Five Stars

Extract Data from URL in Talend

hello everyone I'm trying to do crawling with talend, and I managed to do it even with the tHttpInputTable component found in the talend exchange, but also with java code by importing the jsoup library into the tJavaFlex component. The result is amazing to be able to do it on all the other sites is what I try to do, but I'm still new in this field, someone can make me a small overview and what I'm missing, for example the simple and static sites such as " http://www.imdb.com/title/tt0068646/?pf_rd_m=A2FGELUUNOQJNL&pf_rd_p=e31d89dd-322d-4646-8962-327b42fe... "which is a rating site for movies , I can do it with a few lines of java, but for the most complex and certainly not static sites such as "https://www.risultati.it" which is a live soccer results site I can not, what I'm missing ?
Is JSOUP not powerful enough to crawl all kinds of sites? thanks in advance for those who have to devote some time and open a world in this field to a new one.
4 REPLIES
Highlighted
Fifteen Stars

Re: Extract Data from URL in Talend

I wrote a tutorial on exactly this about 3 years ago. You can find it here: https://www.rilhia.com/tutorials/using-third-party-java-library-scrape-content-table-web-page

I suspect that better libraries are now available but the thing I learnt doing this is that you need to build your job with the website it is going to scrape in mind.
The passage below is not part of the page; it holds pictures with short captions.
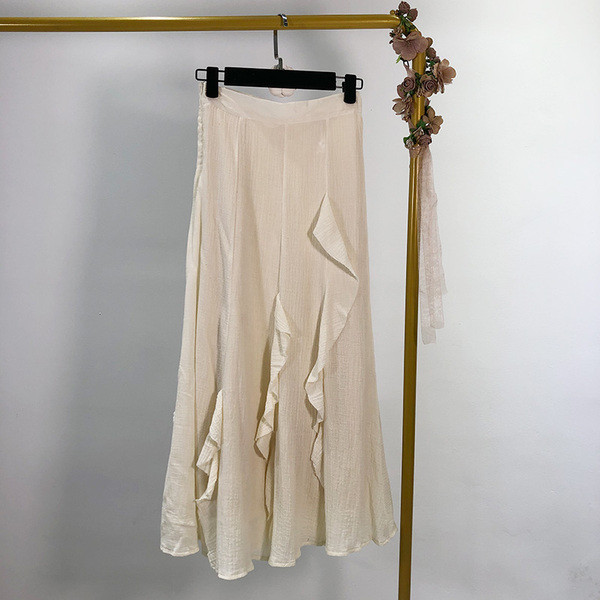 Fusta lunga de dama in albastru si bej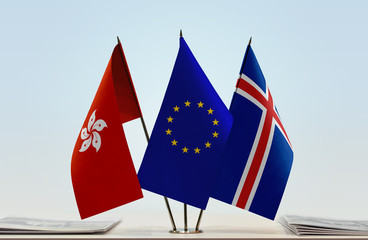 Flags of Hong Kong European Union and Iceland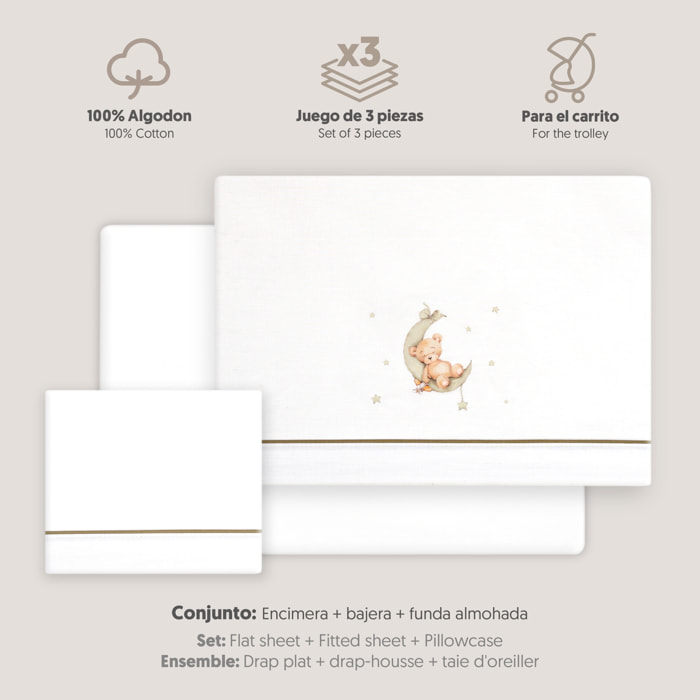 Triptico Coche Estampado Oso Luna Estrellas Bco/Gris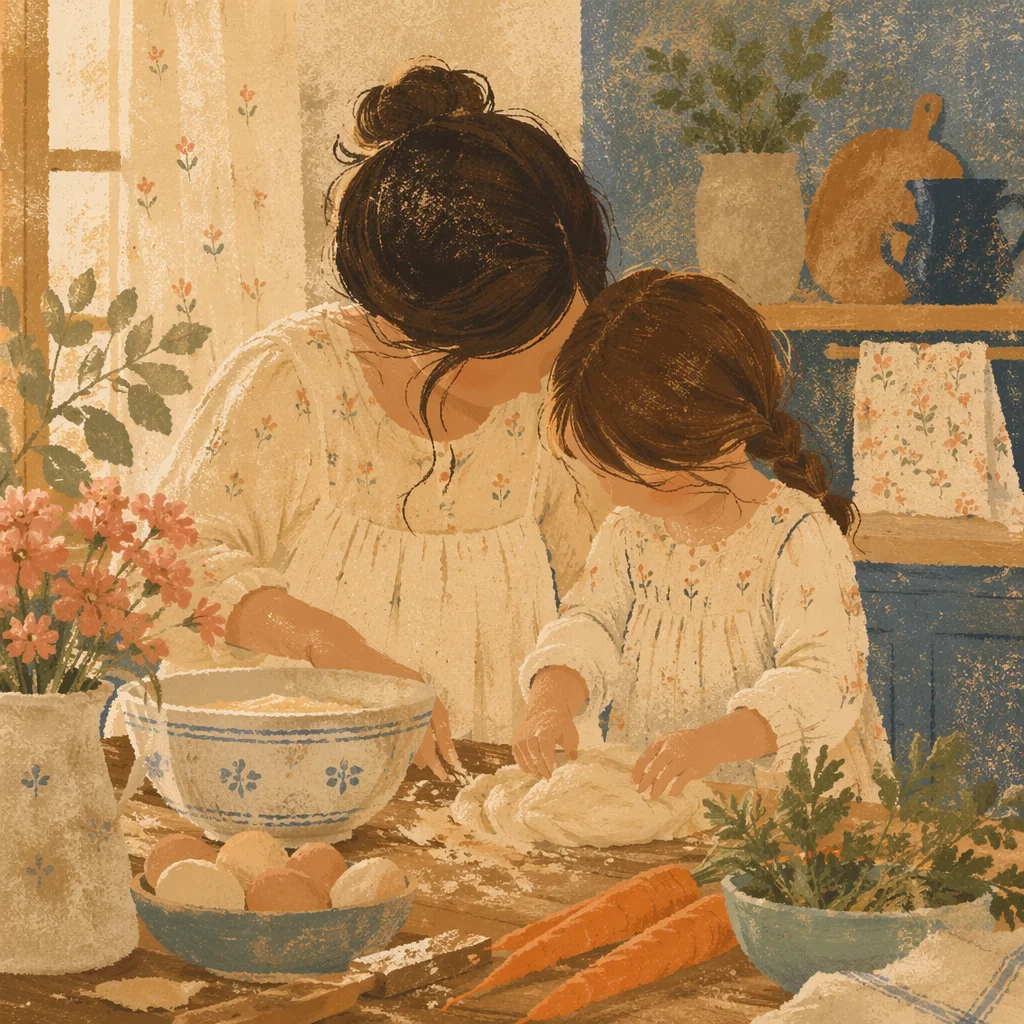 Mother and Daughter Baking in Cozy Kitchen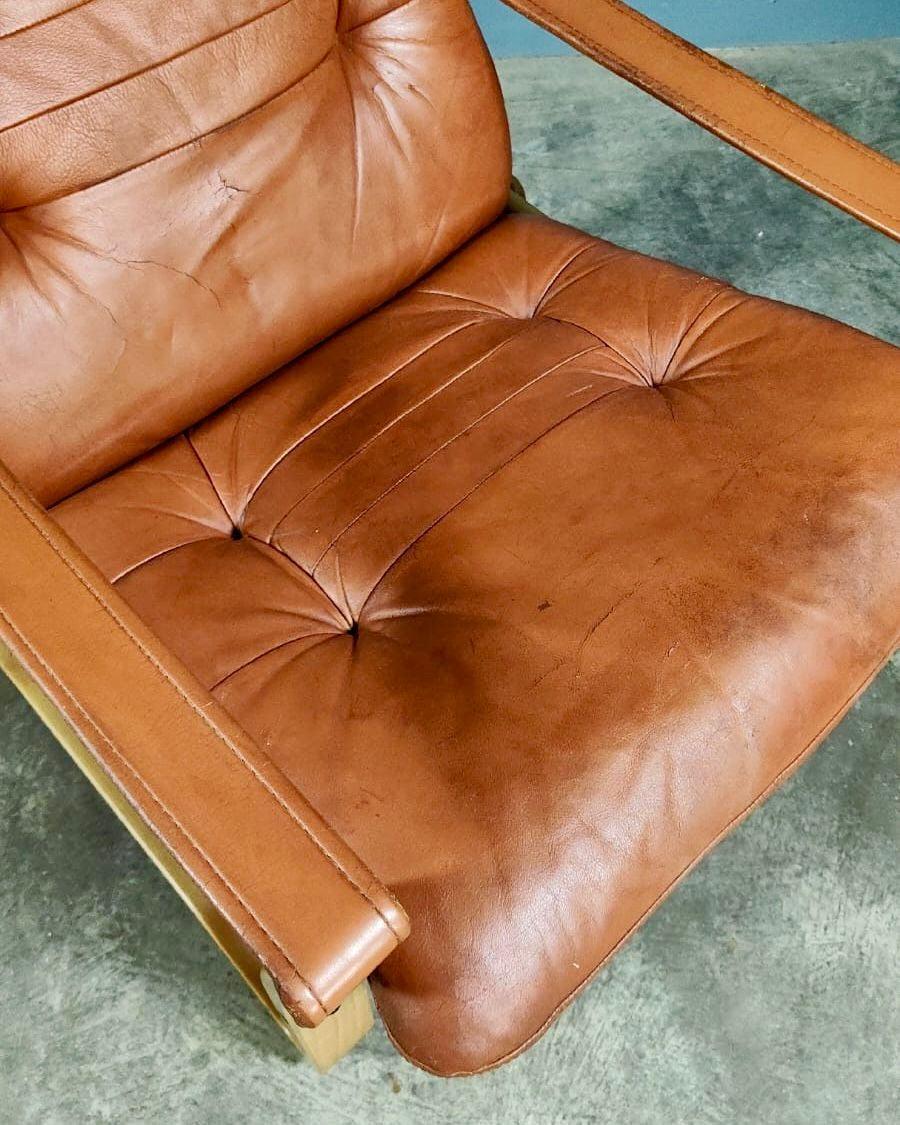 SOLD J.M Birking Danish Reclining Lounge Chair Tan Cognac & Leather Footstool Mid Century Vintage Retro MCM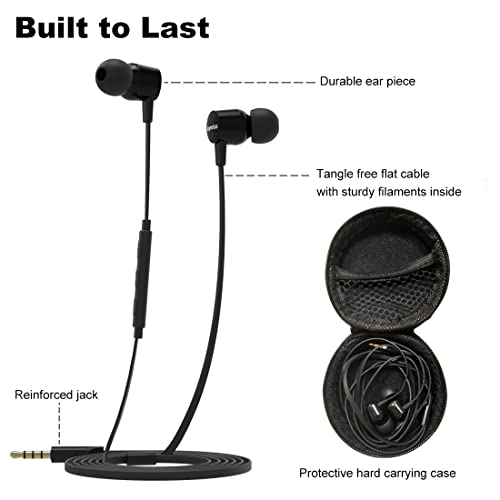 Joymiso Wired Earbuds for School Kids Women Small Ears w Mic and Case Black | Volume Control, 6 Sizes Tips, Lightweight Comfortable, Tangle Free Flat Cable, in Ear Headphones for Cell Phone Laptop Tablet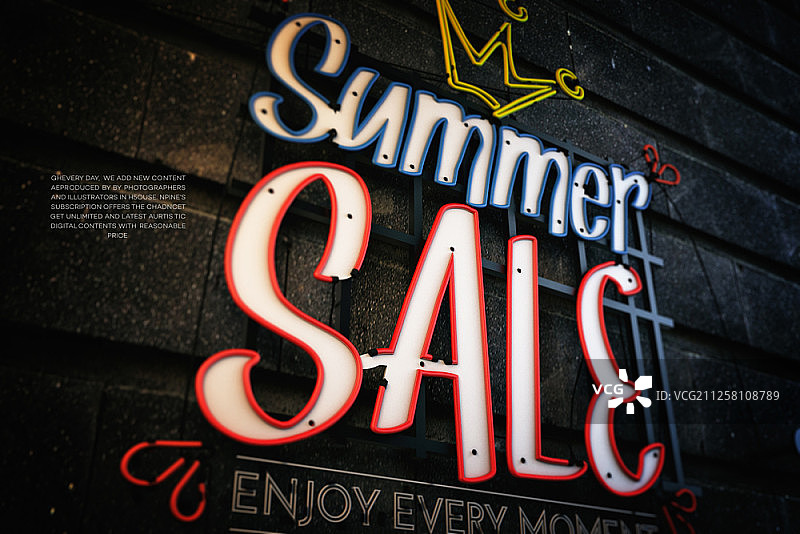 夏季促销霓虹灯标志图片素材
Consider a website like XML. You can't build a single job to handle all types of XML. The same applies to websites.

I hope the tutorial gives you a few ideas.
Rilhia Solutions
Five Stars

Re: Extract Data from URL in Talend

Hi rhall_2_0, thank you so much for your solution, a very nice and very well structured tutorial.

but unfortunately this does not solve my problem, i tried your solution and I can not get out data of these dynamic sites, like this one "https://www.risultati.it/partita/MPX1oKd9/#informazioni-partita" ,but are many other of this type, I'm interested a certain football match. and I can not do this because I'm not able to understand how data are exposed on the site in some way recall database I think. the html that you get with thttprequest in talend does not contains all of this data that i need... any other idea ?? thank you again in advanced

Fifteen Stars

Re: Extract Data from URL in Talend

I've looked at the page source of the page you posted. It looks like you might struggle with this. It looks like this page has been written to obfuscate the data to prevent page scraping. There is a lot of Javascript used. I am not sure you will be able to do this. You *could* try saving the pages locally as HTML and then processing them. That *might* make it slightly easier.

Rilhia Solutions
Five Stars

Re: Extract Data from URL in Talend

yes, I noticed this, in fact I'm fighting with this thing for a while, it's not a very urgent thing, because I do not have to do this at work, but it's a very interesting thing I'd like to do. However, I would like to thank you once again for your time! and I hope to hear from you again if anyone can find a way to do it.